■ Work to be completed
Could the records below please be retyped exactly, with their pictures left out?

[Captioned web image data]
*** Block opens ***

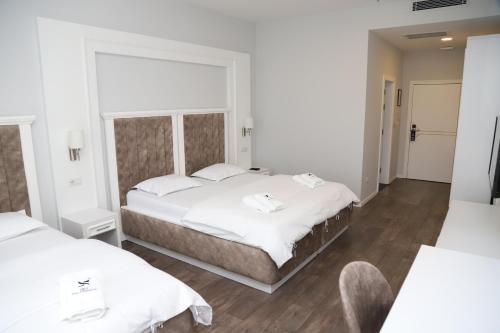 a hotel room with two beds and a chair at Sky Hotel in Prizren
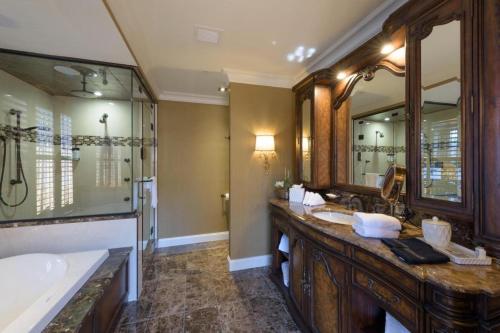 a bathroom with two sinks and a large mirror at Curtiss Hotel, an Ascend Collection Hotel in Buffalo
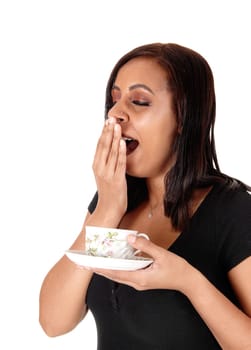 A beautiful young woman holding a coffee cup in her hand and yawning.with her hand over her mouth, isolated for white background.
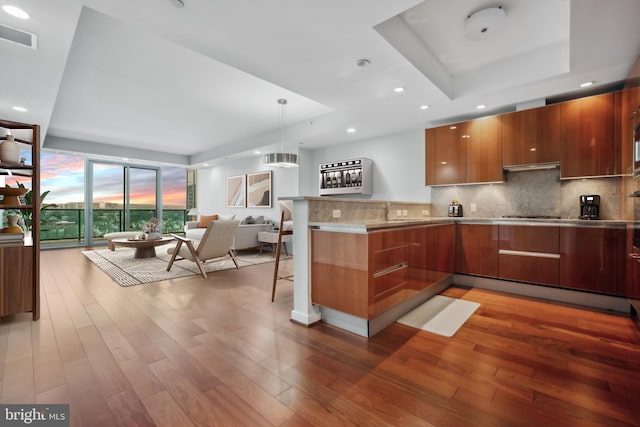 kitchen with hanging light fixtures, kitchen peninsula, a kitchen bar, decorative backsplash, and a raised ceiling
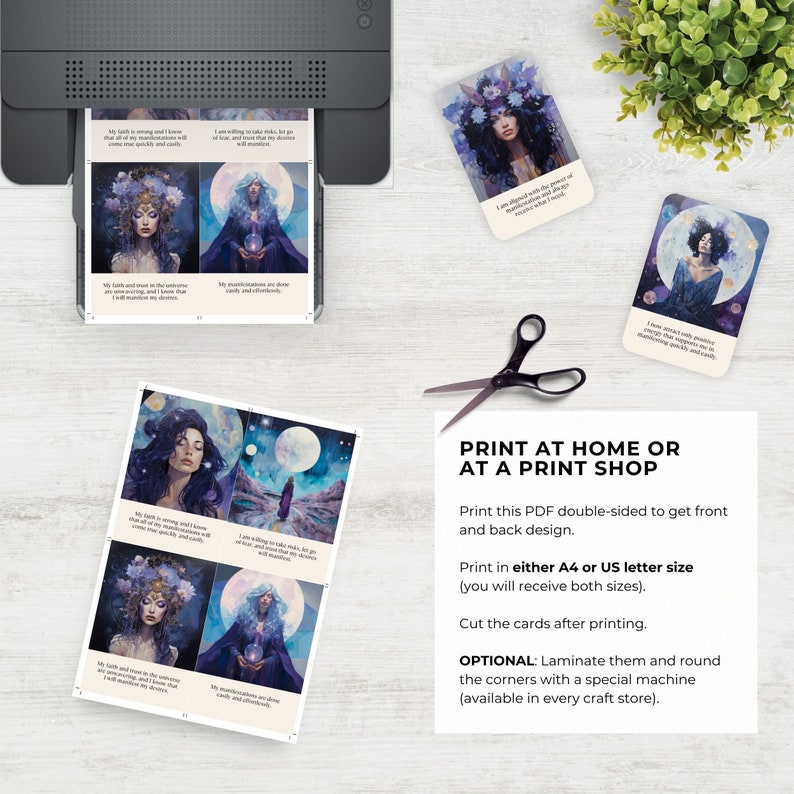 May include: A set of printable affirmation cards featuring ethereal illustrations of figures in celestial settings with text captions. The cards are displayed on a surface alongside a printer, black scissors, and a printed instruction sheet.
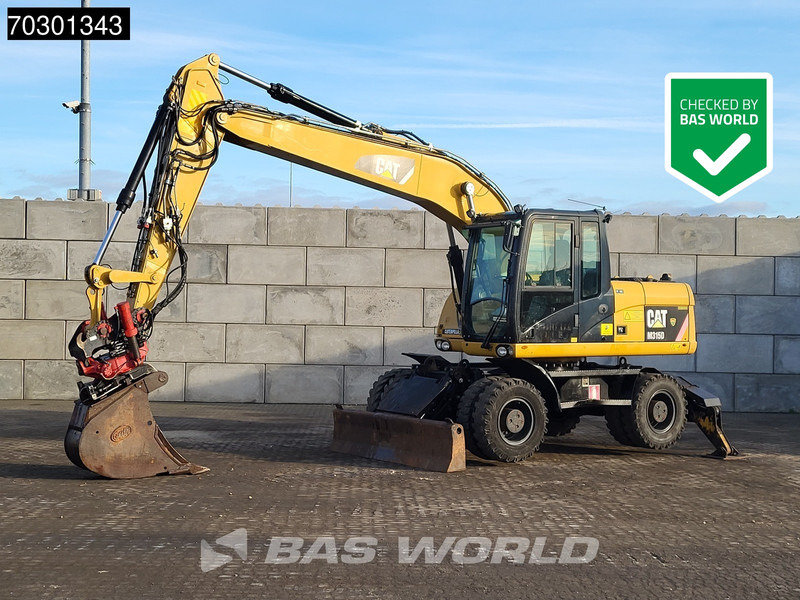 Caterpillar M315 D OUTRIGGERS + BLADE - حفارة على عجلات: صور 1 Caterpillar M315 D OUTRIGGERS + BLADE - حفارة على عجلات: صور 1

*** Block closes ***

■ Exercise output
 a hotel room with two beds and a chair at Sky Hotel in Prizren
 a bathroom with two sinks and a large mirror at Curtiss Hotel, an Ascend Collection Hotel in Buffalo
 A beautiful young woman holding a coffee cup in her hand and yawning.with her hand over her mouth, isolated for white background.
 kitchen with hanging light fixtures, kitchen peninsula, a kitchen bar, decorative backsplash, and a raised ceiling
 May include: A set of printable affirmation cards featuring ethereal illustrations of figures in celestial settings with text captions. The cards are displayed on a surface alongside a printer, black scissors, and a printed instruction sheet.
 Caterpillar M315 D OUTRIGGERS + BLADE - حفارة على عجلات: صور 1 Caterpillar M315 D OUTRIGGERS + BLADE - حفارة على عجلات: صور 1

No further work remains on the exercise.